Section 99 - Noting, Section 100 - Protest : Negotiable Instruments Act 1881
What is Noting? What is Protest? Noting and Protest are defined under Section
99 and 100 of Negotiable
Instruments Act 1881
Section 99 of Negotiable Instruments Act 1881: "Noting"
When a promissory note or bill of exchange has
been dishonoured by non-acceptance or non-payment,
the holder may cause such dishonour to be noted by a
notary public upon the instrument, or upon a paper
attached thereto, or partly upon each.
Such note must be made within a reasonable time after
dishonour, and must specify the date of dishonour, the reason,
if any, assigned for such dishonour, or, if the instrument has
not been expressly dishonoured, the reason why the holder treats
it as dishonoured, and the notary's charges.
Section 100 of Negotiable Instruments Act 1881:
When a promissory note or bill of exchange has been
dishonoured by non- acceptance or non-payment, the holder may,
within a reasonable time, cause such dishonour to be noted and
certified by a notary public.

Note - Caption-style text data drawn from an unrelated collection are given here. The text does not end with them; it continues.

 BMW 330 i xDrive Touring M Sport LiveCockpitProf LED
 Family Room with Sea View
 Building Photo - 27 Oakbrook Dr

Such certificate is called a
Protest for better security.
When the acceptor of a bill of exchange has become insolvent, or
his credit has been publicly impeached, before the maturity of
the bill, the holder may, within a reasonable time, cause a
notary public to demand better security of the acceptor, and on
its being refused may, with a reasonable time, cause such facts
to be noted and certified as aforesaid. Such certificate is
called a protest for better security.